• [PROBLEM] Please give back, word for word, only the lines starting at the one containing "Pulsera retro vintage" and ending at the one containing "Capsicum bell pepper" within the material below.

• [GIVEN DATA]
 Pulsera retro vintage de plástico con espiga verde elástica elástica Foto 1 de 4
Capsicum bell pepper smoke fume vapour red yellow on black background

--

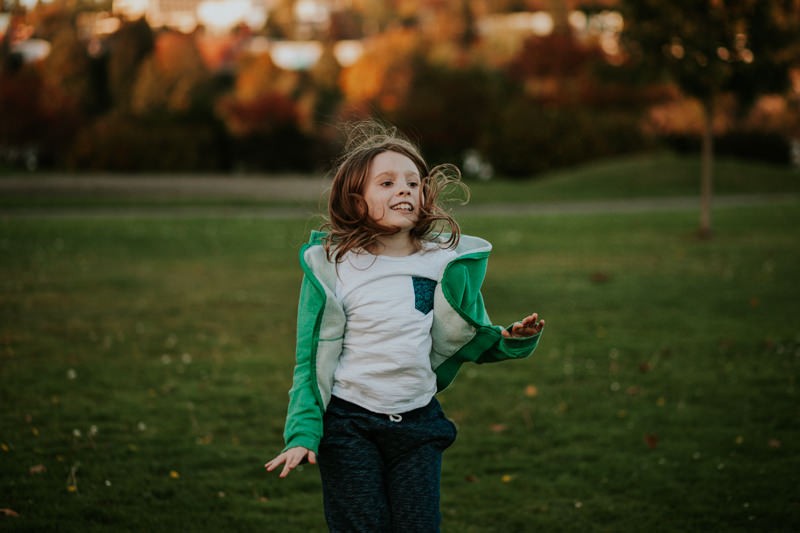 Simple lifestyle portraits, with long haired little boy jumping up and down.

---

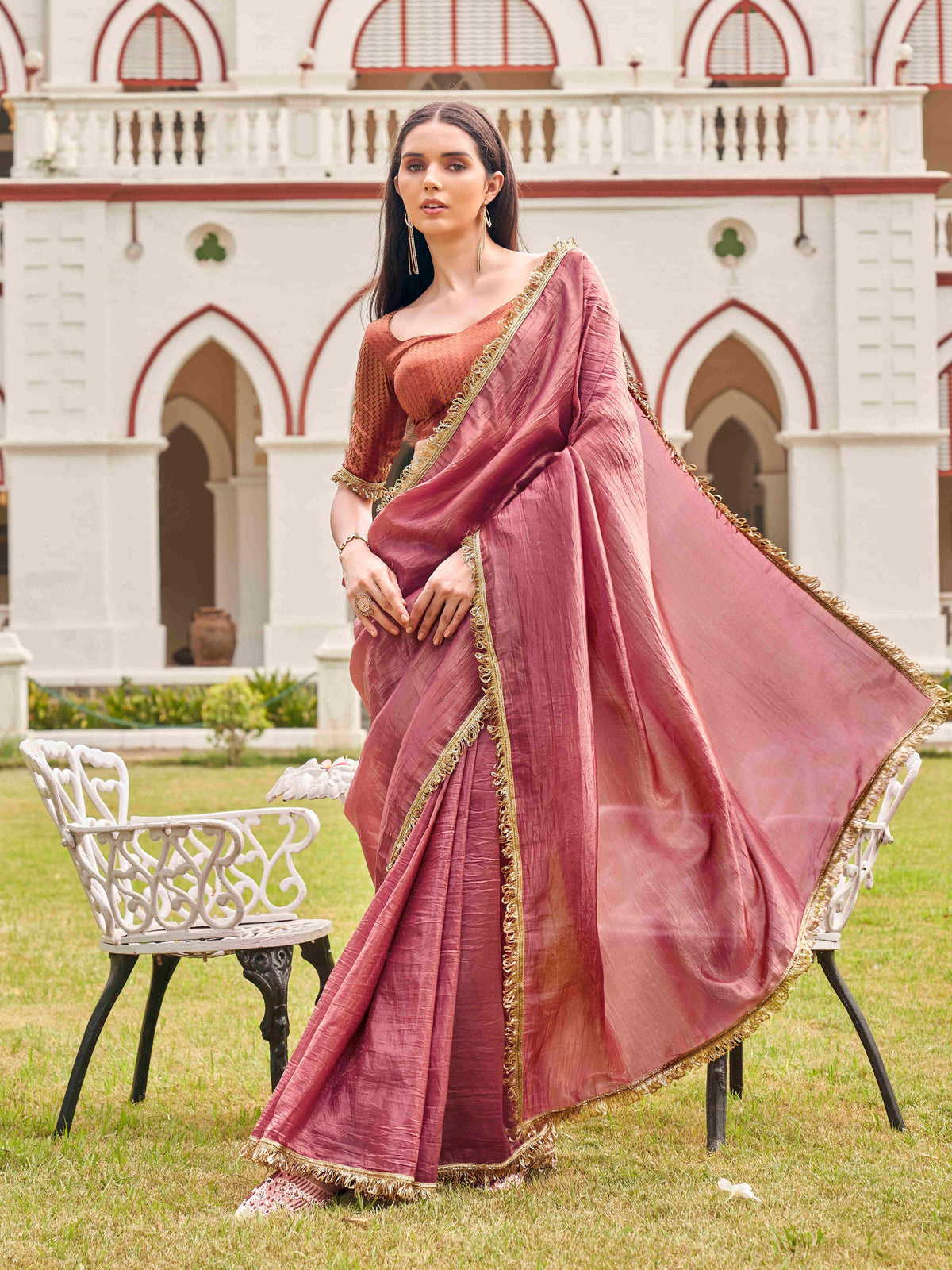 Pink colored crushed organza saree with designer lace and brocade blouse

• [EXERCISE RESULT]
 Pulsera retro vintage de plástico con espiga verde elástica elástica Foto 1 de 4
Capsicum bell pepper smoke fume vapour red yellow on black background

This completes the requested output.